FORMER home minister Ahmad Zahid Hamidi has denied any involvement in a private company implicated in a Nepali workers’ recruitment scam.
Zahid, who is also former deputy prime minister, said he was ready to be investigated by the authorities.
“I’m ready to be investigated, I’m not afraid. I’m ready to provide any proof if I were involved or if I had abused my power or if my family members were involved.
“They can investigate and I’m ready to come forward. I don’t care if it’s an old or new case, I was never involved and ready to be investigated. It’s not my company,” the Bagan Datuk MP told reporters when met at the Parliament lobby today.
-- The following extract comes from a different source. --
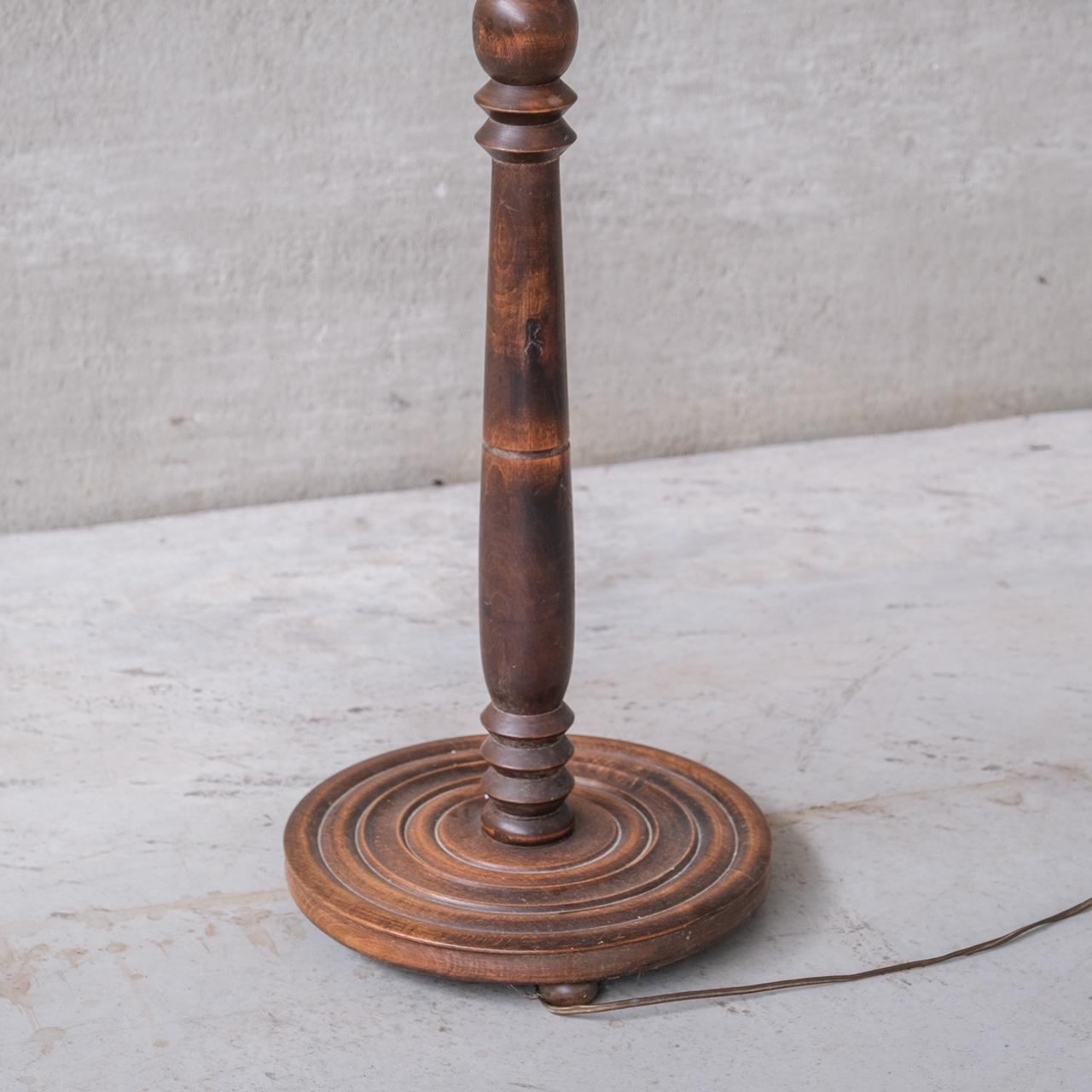 French Mid-Century Wooden Turned Floor Lamp In Good Condition For Sale In London, GB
On Friday, The Nepali Times reported that a company linked to Zahid through a relative was among several private Malaysian companies named in a scam charging Nepalese high fees for visa processing and biometrics testing to secure work in Malaysia.
In all, the firm allegedly took in more than Rs5 billion (RM185 million) from the Nepalese over the last five years.
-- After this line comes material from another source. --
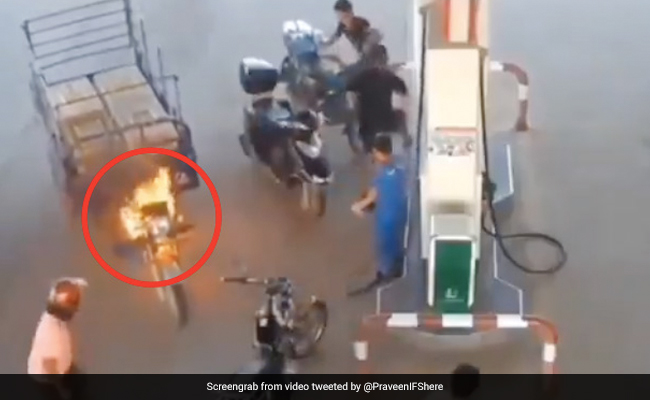पेट्रोल पंप पर खड़ी गाड़ी में अचानक लगी आग, डरकर भागे लोग, अकेली महिला ने किया यह कारनामा - देखें Video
The Nepali news site in its report, “Kleptocrats of Kathmandu and Kuala Lumpur”, named Bestinet Sdn Bhd together with a few other companies backed by powerful Malaysian politicians as profiteers of Putrajaya’s revised foreign worker application process.
Besides Bestinet, which is allegedly run by Zahid’s brother-in-law Amin Abdul Nor, the report also named Kathmandu-based affiliate, Malaysia VLN Nepal and One Stop Centre (OSC), as among the companies involved in the migrant worker registration scam.
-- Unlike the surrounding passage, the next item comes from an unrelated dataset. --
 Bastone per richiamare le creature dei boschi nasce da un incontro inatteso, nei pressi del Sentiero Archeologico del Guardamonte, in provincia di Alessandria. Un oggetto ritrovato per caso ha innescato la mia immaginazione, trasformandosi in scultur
Zahid however rebutted the claim, saying he had no relations with Amin.
“Amin is a Bangladeshi. How did he end up being my brother-in-law. All my younger sisters are married,” he said, adding that he has no shares in the company.
“The company had a business before I entered the Home Ministry,” Zahid said.
The report also said that Zahid’s brother, Abdul Hakim Hamidi, and former home minister Azmi Khalid owned shares in the company.
It said the previous practice of applying visas independently cost a fraction of what workers had to pay to go through private companies for visa processing and biometric screening.